Friday, August 29, 2008

Rediscovering You.

Now I know that this is part of your grand plan for me, to rediscover you. To realize that even while I think that I am alone, you have been with me all the while.

And solitude is your way of letting me seek you out, maybe because you have gotten tired of watching me make a fool of myself all the time. Maybe you have gotten tired of waiting for me to pass on to you the burden that I should not have been carrying in the first place. And I no longer have to tell you how heavy it was. Because, of course, you know that already.  And you also know that this time, I just might not be able to bear it alone.

Through solitude, you were able to talk to me again, because there’s the absence of noise clouding your calls for me to return to you, to reestablish the relationship that I have built with you for years.

You see, freedom has gotten into my head. And I have proven myself inept of handling the responsibilities that came with the freedom that you allowed me. But you knew this was coming, that is why you are trying to save me now from myself. And maybe this is yet another way of teaching me some important lessons that I would be making use of as I go through life. You allowed me to experience all these so that, when I come out of it, I’d have gained more wisdom and insight. And you know that there is no other way you could have taught me these.

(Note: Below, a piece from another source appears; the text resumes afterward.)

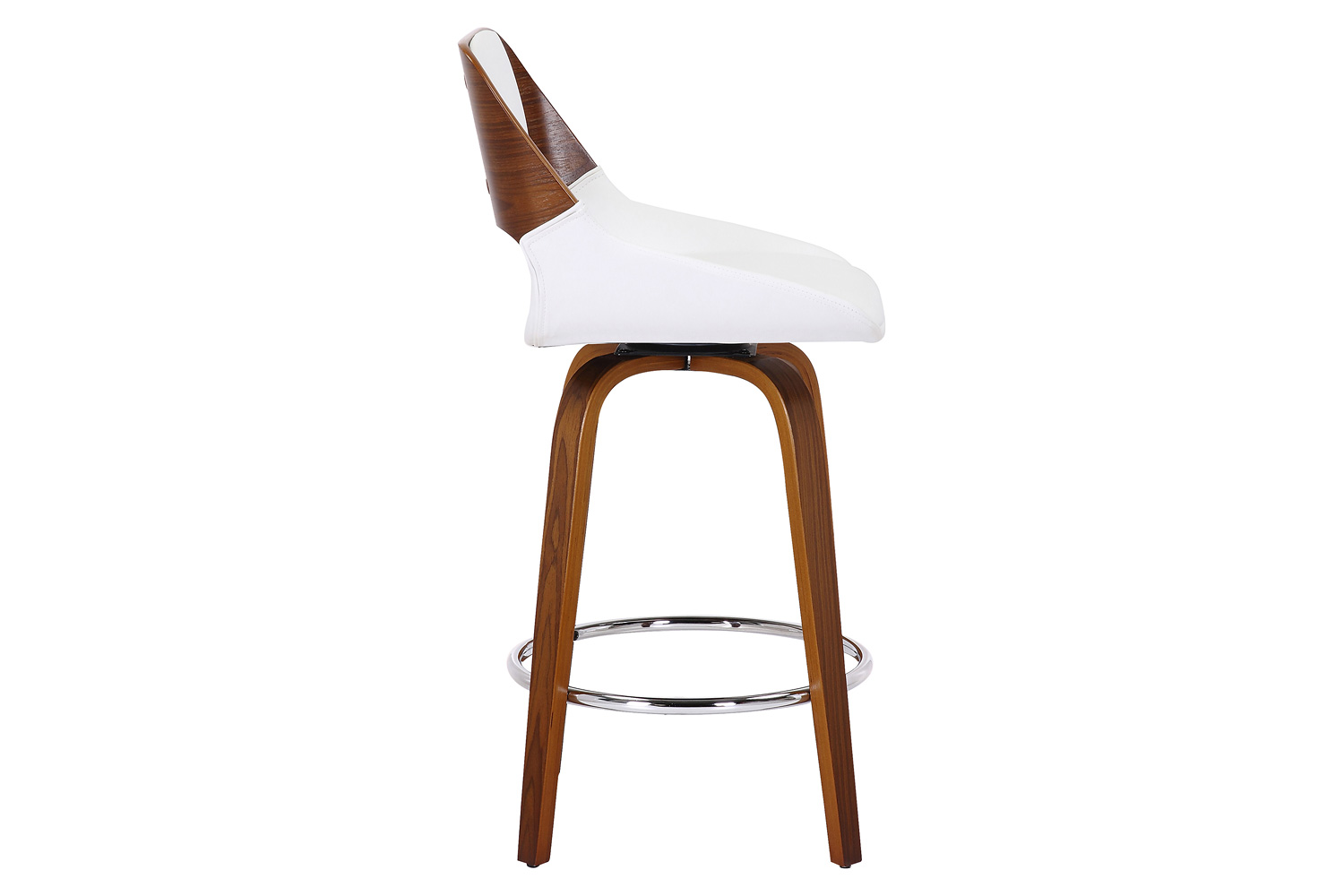 Worldwide Hudson 26" Counter Stool with Swivel - White/Walnut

And with me knowing that, the “feeling good” that I’m feeling right now is not that impossible to believe.

It’s nice to finally have gotten rid of the thoughts that are keeping me from being happy and from moving swiftly into life, the way I had been doing before I started collecting my own emotional garbage.

I could never thank you enough for reminding me of all these things.

Right now, I can go to sleep without a heavy heart, knowing well that you have plans for me. Those might not be similar to what I have planned for myself, but I trust that you know what is best for me and with you taking the lead, I am confident that I will be able walk the right way towards achieving it.